Such preparation of the church for her prophetic ministry is the purpose of the message of Revelation.


The Prophetic Message of the Apocalypse

The prophetic voice of the Apocalypse is disturbing and difficult: difficult to understand, difficult to believe, and difficult to relevantly proclaim. This is so not because of its esoteric and figurative language, though initially such a symbolical literary style can seem to be perplexing. Rather, what is disturbing and difficult to receive is the message itself, once one knows what is being said. For the message of Revelation is so full of doom and darkness and judgment. In fact a major portion of its text contains prophetic pictures of horror and tribulation that stagger the imagination. As if there were nothing left for the human race but chaos and suffering, and then the End. What is to be made of this? And how does this serve the church in preparing her to carry out the mission of the Lord Christ? However, Revelation is not alone in emphasizing such a dark view of earthly life. The prophets of the Old Testament have a similar view of the future for the human race, a view of the horrors and suffering that the human race experiences because of the judgment of God. This judgment of God is an important part of the prophetic message of the Old Testament. And Revelation is an heir, a descending line of this prophetic voice of the Old Testament.7

Both the prophets of old and John of the Apocalypse present God on the one hand as an angry and vengeful God. How often through the prophetic voice of the Old Testament are we told that God sent plagues and drought and famine and war and death and natural disasters on the peoples of the earth. All because of His anger and wrath over their sins.8 In Revelation its prophetic message also describes an angry God hitting the human race with plagues of judgment.9 Similar to those by which He plagued ancient Egypt, the prophetic voice of Revelation declares that God will hit the peoples of the earth with wars and famine and death (6:1-11), with natural disasters and diseases (8:6-13; 16:1-11), with demonic forces of evil (9:1-11). All because of His fury and anger in His judgment over the sins and rebellion of the human race (15:1-8).
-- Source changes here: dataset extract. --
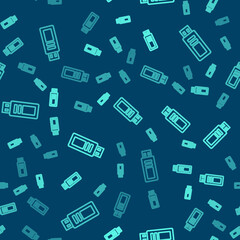 Green line USB flash drive icon isolated seamless pattern on blue background. Vector.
What are we to make of this? For the Book of Revelation in describing such acts of God's anger and judgment does not refer to some time in the past, as if God only acted this way in ancient times described in the Old Testament. Nor in such descriptions does it refer to some indefinite time in the future. What the prophetic voice of the Apocalypse declares and describes, takes place throughout the entire New Testament era, from Christ's ascension upto the End. It is taking place now. But again, what are we to make of this?

According to the prophetic proclamation of both the Old Testament and of the Revelation of John, there are no such things as accidents of nature or of history or of social events. To think of such is idolatry. Rather, everything is under the sovereign and permissive will and control of God. While man because of his sin and rebellion and godless living is the cause of all the evils and sufferings that he experiences, God Himself is in control of such punishing results. He governs them and permits them and measures them out according to His will under his judgment. God is in control of history and all human events and the people who act them out. Not some blind fate or mindless chance or evolutionary force. To think of such is idolatry. But what are we to make of this?
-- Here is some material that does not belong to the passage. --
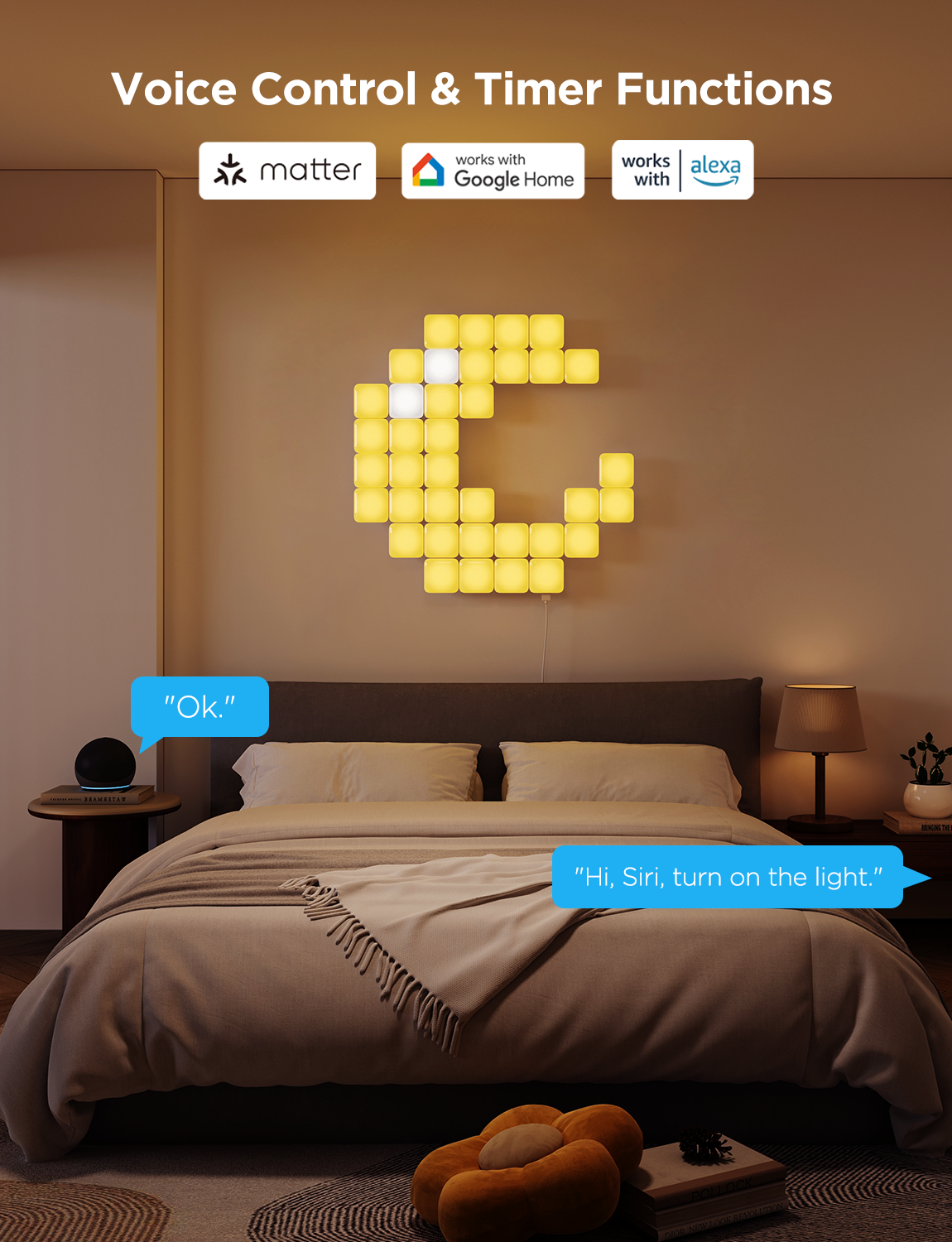 govee-mini-panel-lights-pack-de-20-panneaux-lumineux-muraux-rgbic-avec-reconnais image 8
All the horrors and terrifying events that afflict the human race, whether from man himself in the shedding of blood or in his acts of evil, whether from the forces of nature in earthquakes and droughts, or whether from the many diseases that infect the human body, all result because of man's sin against God. But all take place under the sovereign permissive will of God for the purpose of leading mankind to repentance, and He controls them for that purpose and for the ultimate benefit of His creation and His own glory.10

Listen to the prophetic cry of the prophet Amos (4:10), "I (Yahweh) sent plagues among you as I did to Egypt. I killed your young men with the sword, along with your captured horses. I filled your nostrils with the stench of your camps, yet you have not returned to me (MV)." This prophetic cry is emulated in Revelation (16:8), "And the fourth angel poured out his censer upon the sun, and there was given to it to burn men in fire. And the men were burned with great heat, and they blasphemed the name of God who had such authority over these plagues, and they did not repent to give to Him glory."11 And Moses himself warned the people not to disobey God for their God would send curses on them. He would plague them with diseases, with scorching heat and drought and blight and mildew. And they would be defeated by their enemies (Deut 28:20~29).12 This prophetic voice is trumpeted loud and clear in John's Apocalypse, "And the angel took the censer and filled it with the fife from the incense altar and then he cast it down onto the earth (8:5)." There then follow the seven trumpet-angels who announce the wrath of God upon the earth in the form of plagues which hit nature (8: 1-13). These are followed by the seven censer-angels who pour out upon the human race God's anger in the form of boils and festering sores and poisoned waters from which people die - in addition the people are hit by burning scorching heat. But people do not repent but rather grow all the more angry against God and blaspheme Him (16:1-11).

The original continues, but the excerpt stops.